Down to the last line, reproduce the data that follows, but skip the pictures.

Dataset content
========================================================================

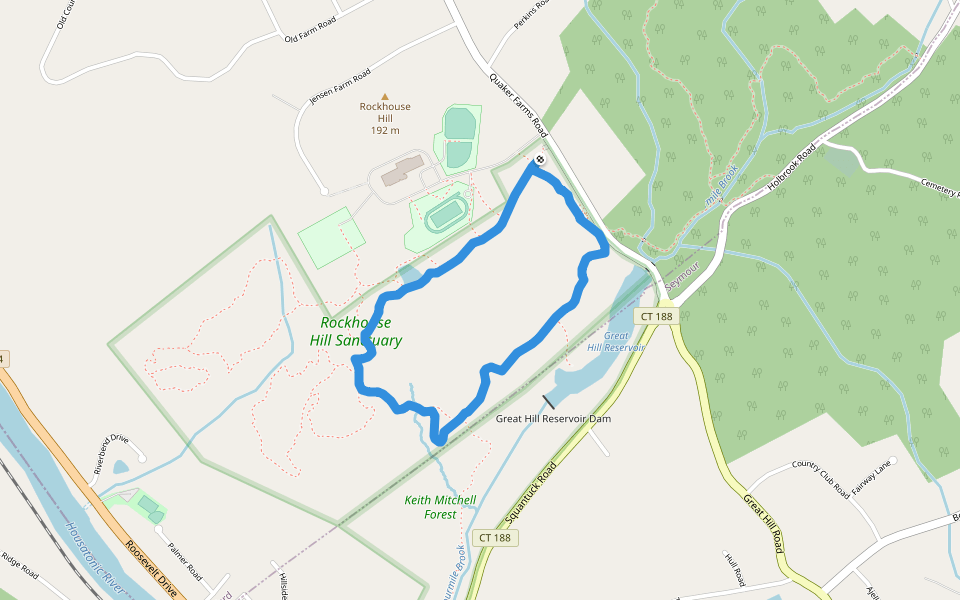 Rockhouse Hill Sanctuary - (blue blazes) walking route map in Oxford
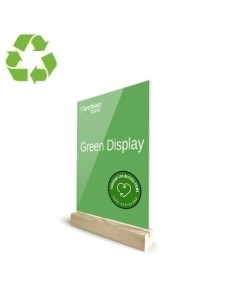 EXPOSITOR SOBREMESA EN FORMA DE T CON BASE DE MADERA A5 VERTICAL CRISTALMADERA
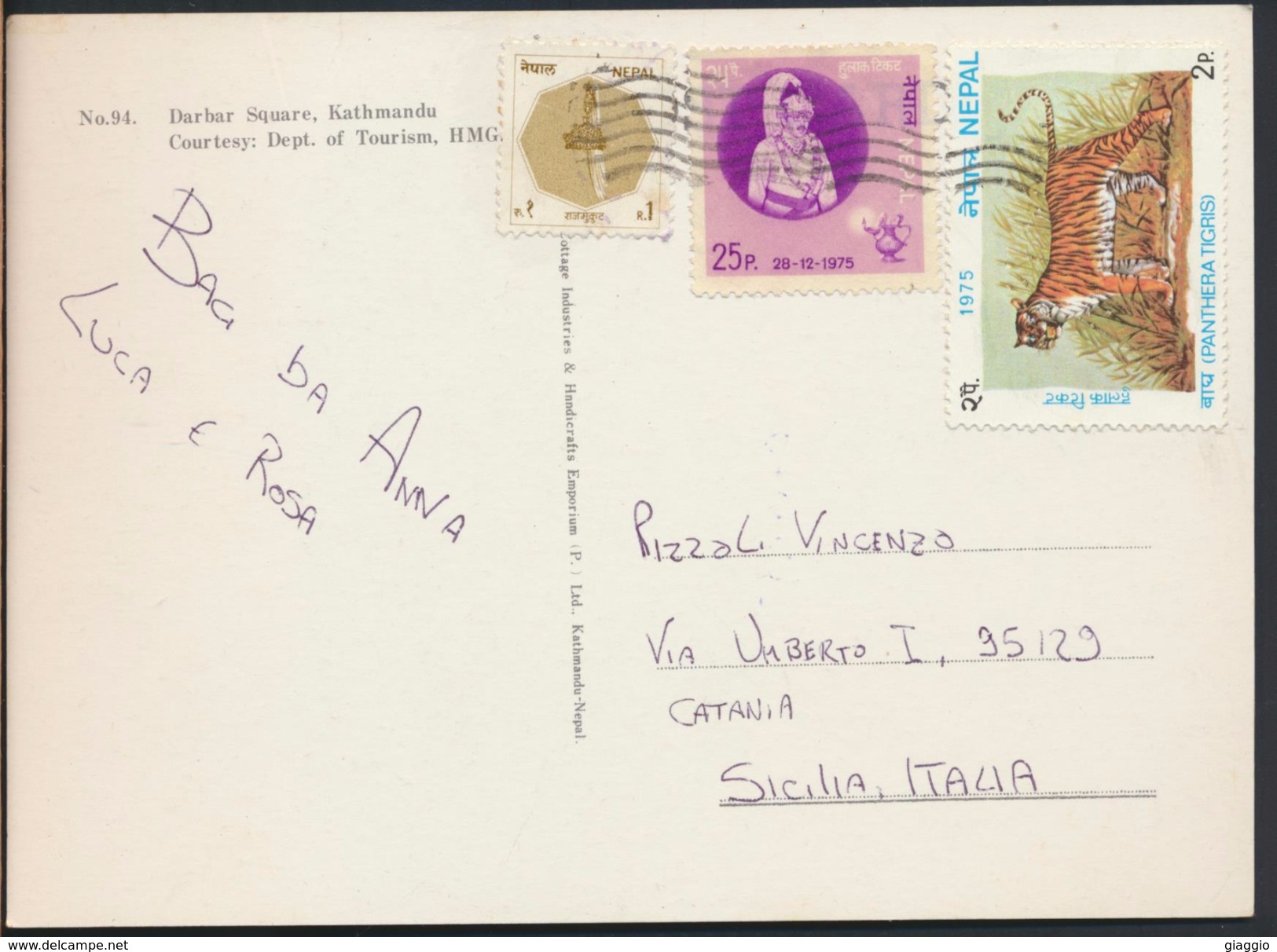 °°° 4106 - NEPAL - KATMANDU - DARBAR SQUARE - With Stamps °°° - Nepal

========================================================================

Output of the task
 Rockhouse Hill Sanctuary - (blue blazes) walking route map in Oxford
 EXPOSITOR SOBREMESA EN FORMA DE T CON BASE DE MADERA A5 VERTICAL CRISTALMADERA
 °°° 4106 - NEPAL - KATMANDU - DARBAR SQUARE - With Stamps °°° - Nepal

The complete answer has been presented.